__WHAT YOU WILL DO__
Here are the records. Write out exactly the lines between the one holding "Pj Gubernur Elen" and the one holding "12107 131 AV NW - 75", inclusive.

##### RECORDS SHOWN #####

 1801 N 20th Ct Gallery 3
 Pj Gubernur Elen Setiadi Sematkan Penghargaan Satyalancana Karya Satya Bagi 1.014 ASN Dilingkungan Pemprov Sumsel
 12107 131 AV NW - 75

#####
##### RECORDS SHOWN #####

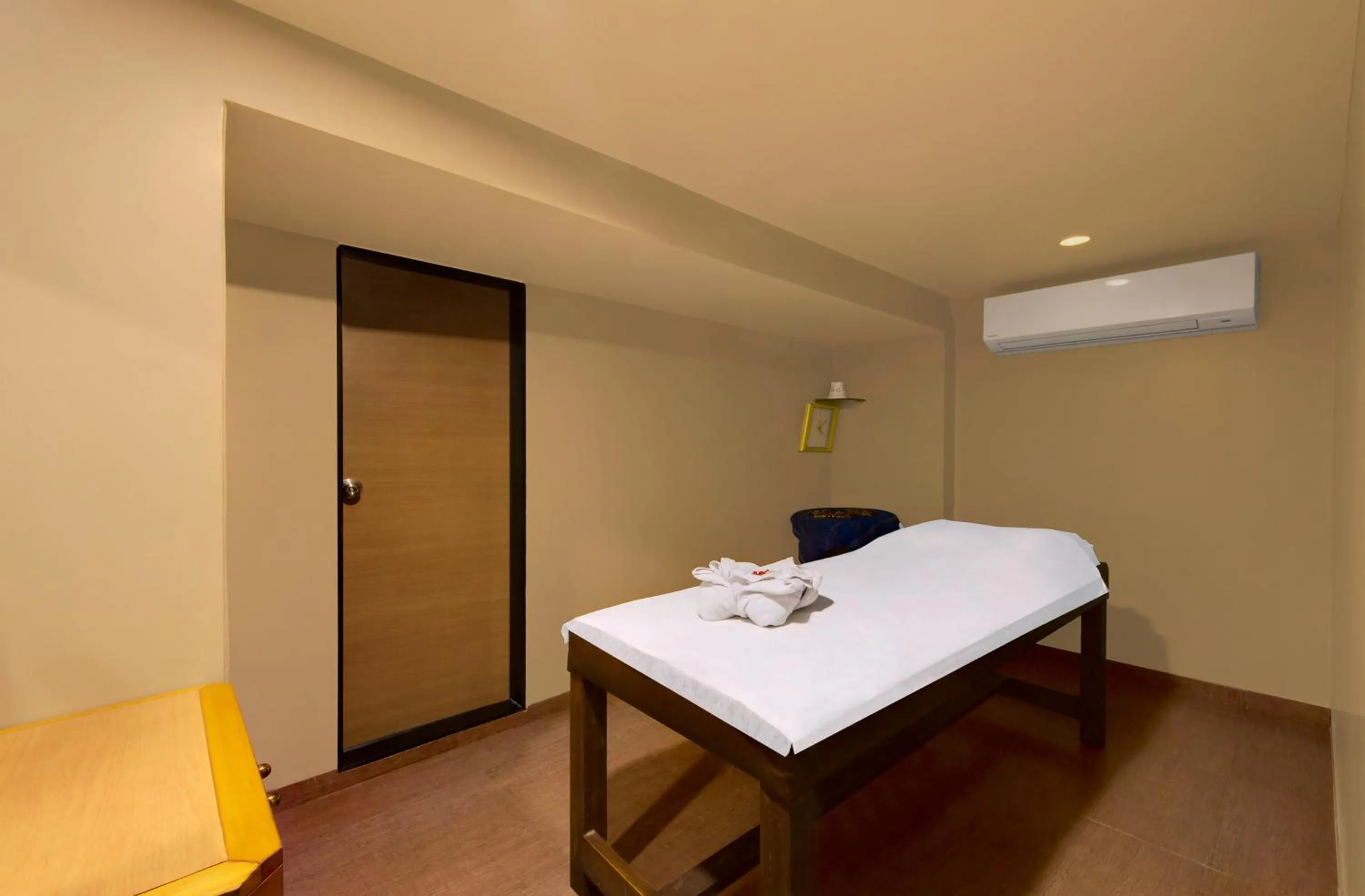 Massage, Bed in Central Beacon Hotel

#####
##### RECORDS SHOWN #####

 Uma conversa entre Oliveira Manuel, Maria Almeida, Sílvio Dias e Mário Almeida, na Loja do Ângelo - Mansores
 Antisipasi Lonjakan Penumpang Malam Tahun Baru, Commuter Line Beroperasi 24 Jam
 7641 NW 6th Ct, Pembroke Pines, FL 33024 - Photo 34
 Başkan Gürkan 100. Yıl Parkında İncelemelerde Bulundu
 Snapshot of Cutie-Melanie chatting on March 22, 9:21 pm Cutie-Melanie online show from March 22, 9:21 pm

#####

__ANSWER TO THE EXERCISE__
 Pj Gubernur Elen Setiadi Sematkan Penghargaan Satyalancana Karya Satya Bagi 1.014 ASN Dilingkungan Pemprov Sumsel
 12107 131 AV NW - 75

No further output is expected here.